3x + 7 = x^2 - 2x + 1
Step 3: Rearrange the equation in quadratic form.
x^2 - 2x + 1 - 3x - 7 = 0
x^2 - 5x - 6 = 0
Step 4: Factor the quadratic equation.
(x - 6)(x + 1) = 0
Step 5: Set each factor equal to zero and solve for x.
x - 6 = 0 or x + 1 = 0
x = 6 or x = -1
Now, let's check for extraneous solutions by substituting the found solutions back into the original equation:
For x = 6:
√(3(6) + 7) = 6 - 1
√(25) = 5
5 = 5 (True)
For x = -1:
√(3(-1) + 7) = -1 - 1
√(4) = -2
2 = -2 (False)
Therefore, the only solution that satisfies the original equation is x = 6. x = -1 is an extraneous solution.
2) (3√(2x - 3)) - 3 = 9
Step 1: Add 3 to both sides of the equation.
(3√(2x - 3)) = 12
Step 2: Divide both sides of the equation by 3 to isolate the square root.
√(2x - 3) = 4
Step 3: Square both sides of the equation to eliminate the square root.
(√(2x - 3))^2 = 4^2
Step 4: Simplify.
2x - 3 = 16
Step 5: Add 3 to both sides of the equation.
2x = 19
Step 6: Divide both sides of the equation by 2 to solve for x.
x = 19/2
Now, let's check for extraneous solutions by substituting the found solution back into the original equation:
For x = 19/2:
(3√(2(19/2) - 3)) - 3 = 9
(3√(19 - 3)) - 3 = 9
(3√16) - 3 = 9
(3(4)) - 3 = 9
12 - 3 = 9
9 = 9 (True)
The solution x = 19/2 satisfies the original equation.

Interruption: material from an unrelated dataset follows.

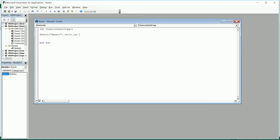So I'm going to type in Sheets - I need the data in my Sheet2, you can change the name as per your workbook - dot range, open quote, and type in A1, and close the bracket. So this is it, it's a very small code.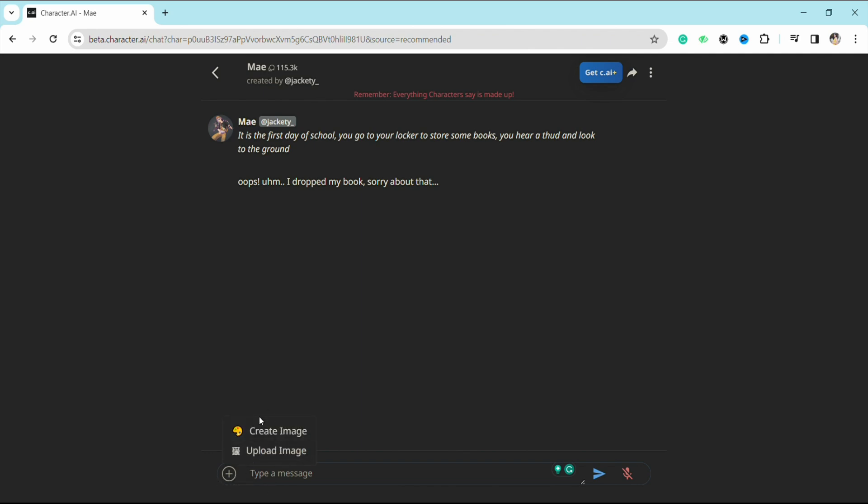And here you will see the option to upload image or create an image to send to the character that you want to. So this is basically how you will be able to send pictures on Character AI.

To solve each equation and check for extraneous solutions, we will follow these steps:
Step 1: Isolate the radical term on one side of the equation.
Step 2: Square both sides of the equation.
Step 3: Solve the resulting equation.
Step 4: Check for extraneous solutions by substituting the obtained solutions back into the original equation.
Let's start with equation 1:
1) (√(3x+7)) = x - 1
Step 1: Move x to the left side, and isolate the radical term:
√(3x + 7) = x - 1
Step 2: Square both sides:
(√(3x + 7))^2 = (x - 1)^2
(3x + 7) = (x - 1)^2
Step 3: Expand the right side and simplify:
3x + 7 = x^2 - 2x + 1
Step 4: Set the equation to zero:
0 = x^2 - 5x - 6
Step 5: Factor the quadratic equation:
0 = (x - 6)(x + 1)
Step 6: Set each factor equal to zero and solve:
x - 6 = 0 or x + 1 = 0
x = 6 or x = -1
To check for extraneous solutions, substitute each solution back into the original equation:
For x = 6:
√(3(6) + 7) = 6 - 1
√(18 + 7) = 5
√25 = 5
5 = 5 (True)
For x = -1:
√(3(-1) + 7) = -1 - 1
√(3 - 7) = -2
√-4 = -2
No real solution exists for x = -1.
Therefore, the only valid solution to equation 1 is x = 6. No extraneous solution exists.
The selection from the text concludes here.